There are various flavours here – your edge router can act as a detector sending sflow or Netflow to your cloud provider, who, upon detection of DDOS, takes over the routing via BGP advertisement to redirect to the Cloud DDOS provider for the duration of the attack – on demand service (GRE back to the edge router for scrubbed traffic), or a permanent IP advertisement so everything goes to the cloud by default – always on service.
Service providers can of course bypass this and provide a hosted DDOS solution, where all the redirection happens internal to the service provider in a local SP Data Centre where they scrub the traffic for your Internet connectivity. As above, this can be a premium “always on” service, or a service that kicks in under attack notification either automatically based on suspicious detected traffic or on request from the customer.
Finally let’s have a brief look at places in the network
Places in the network
Once you understand the type of attack you are protecting, then you can look at which service and place in the network is most effective for each, and whether you have covered what you need. To be honest, whenever most people talk about DDOS they jump to volumetric – my pipe gets filled, re-direct and clean please.

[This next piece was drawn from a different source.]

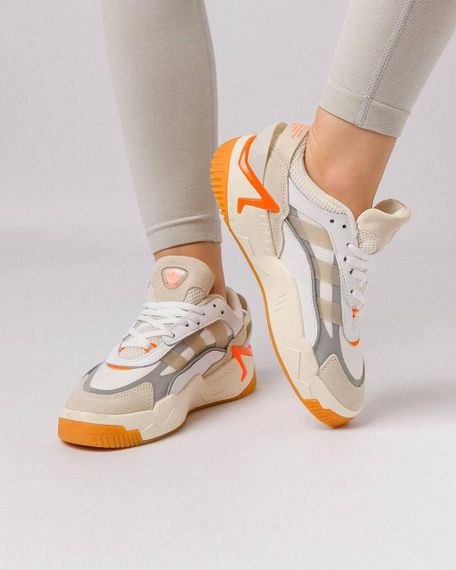 Кросівки Niteball 2 White Beige Orange / нітебал  , В'єтнам 40 25,5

To summarise some of what I have mentioned above, you have a bunch of options:
“In the cloud” services from a DDOS vendor where traffic is redirected either permanently or upon detection of an attack, cleaned, and returned ( Your method of redirection is either DNS based or BGP inter-as based). An ISP hosted DDOS service; your SP can redirect you to a cloud vendor DDOS service, or stand up their own detectors and scrubbing service in their own Data Centres to monitor traffic at their Internet peering points and potentially provide a service back to a customer – like a “Clean Pipes” solution. Or you can go On Prem (centralised, distributed, mixed, inline). Finally you can of course mix and match these approaches to make sure you cover as many conceivable denial of service attacks as possible at a latency that suits your applications, even down to deep packet inspection. I guess there is no one size fits all. One thing to note is if you use a Cloud provided DDOS, then to protect web-sites/L7 a proxy based DNS service usually works for most stuff and they maybe look at the l3/l4 attack prevention on demand should the attack circumvent the DNS and head straight for the real IP. In truth multi-terabit, deep L7, slow and low cleaning etc. at any kind of reasonable latency and cost doesn’t exist today, which is why you protect per asset or web address or as a percentage of traffic.
Ultimately in future I expect DDOS protection to be a given as part of any Internet service consumed (it mostly already is), and premiums for this kind of service will likely come down, depending on volume of attacks, complexity and scale. Cloudflare, for example, have just announced that DDOS is bundled at any scale within their Internet services as part of the usual rate.
New vectors tend to mean new solutions to problems so I would expect this to be charged for, wherever significant investment has been needed to solve the problem.
So there you have it, a brief tour of DDOS approaches being used in the market today. Implement the above, scrub yourself down, redirect yourself to the nearest good cup of coffee, and relax knowing your traffic flows gloriously uninterrupted…for now.